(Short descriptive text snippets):
§

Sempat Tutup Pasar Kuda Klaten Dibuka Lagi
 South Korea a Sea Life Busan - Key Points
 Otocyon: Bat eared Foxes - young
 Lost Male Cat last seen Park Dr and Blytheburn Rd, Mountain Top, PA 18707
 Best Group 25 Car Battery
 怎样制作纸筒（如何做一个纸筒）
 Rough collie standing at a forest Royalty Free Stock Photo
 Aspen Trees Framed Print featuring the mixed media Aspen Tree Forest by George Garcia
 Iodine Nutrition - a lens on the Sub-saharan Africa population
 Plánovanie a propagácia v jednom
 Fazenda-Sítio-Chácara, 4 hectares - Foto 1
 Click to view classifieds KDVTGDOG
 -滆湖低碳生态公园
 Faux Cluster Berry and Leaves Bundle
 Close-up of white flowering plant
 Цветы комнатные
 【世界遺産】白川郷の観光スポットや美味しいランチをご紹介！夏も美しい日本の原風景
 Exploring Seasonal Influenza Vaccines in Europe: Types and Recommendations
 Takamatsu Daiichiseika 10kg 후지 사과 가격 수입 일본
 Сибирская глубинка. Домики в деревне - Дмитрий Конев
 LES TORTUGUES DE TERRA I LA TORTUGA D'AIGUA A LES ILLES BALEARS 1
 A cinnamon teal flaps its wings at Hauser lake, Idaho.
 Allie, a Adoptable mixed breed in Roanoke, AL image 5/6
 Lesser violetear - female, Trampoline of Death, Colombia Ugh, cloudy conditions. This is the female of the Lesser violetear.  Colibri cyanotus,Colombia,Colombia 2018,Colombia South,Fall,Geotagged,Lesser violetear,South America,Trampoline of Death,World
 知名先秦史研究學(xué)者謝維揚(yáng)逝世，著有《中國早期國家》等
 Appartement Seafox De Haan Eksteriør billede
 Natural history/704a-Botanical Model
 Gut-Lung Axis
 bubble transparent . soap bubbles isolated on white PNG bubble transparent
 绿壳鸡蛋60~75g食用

§

(Required action):
Every line from the one containing "LES TORTUGUES DE" through the final line of the data above is to be restated word for word, and nothing more.

(Answer to this task):
 LES TORTUGUES DE TERRA I LA TORTUGA D'AIGUA A LES ILLES BALEARS 1
 A cinnamon teal flaps its wings at Hauser lake, Idaho.
 Allie, a Adoptable mixed breed in Roanoke, AL image 5/6
 Lesser violetear - female, Trampoline of Death, Colombia Ugh, cloudy conditions. This is the female of the Lesser violetear.  Colibri cyanotus,Colombia,Colombia 2018,Colombia South,Fall,Geotagged,Lesser violetear,South America,Trampoline of Death,World
 知名先秦史研究學(xué)者謝維揚(yáng)逝世，著有《中國早期國家》等
 Appartement Seafox De Haan Eksteriør billede
 Natural history/704a-Botanical Model
 Gut-Lung Axis
 bubble transparent . soap bubbles isolated on white PNG bubble transparent
 绿壳鸡蛋60~75g食用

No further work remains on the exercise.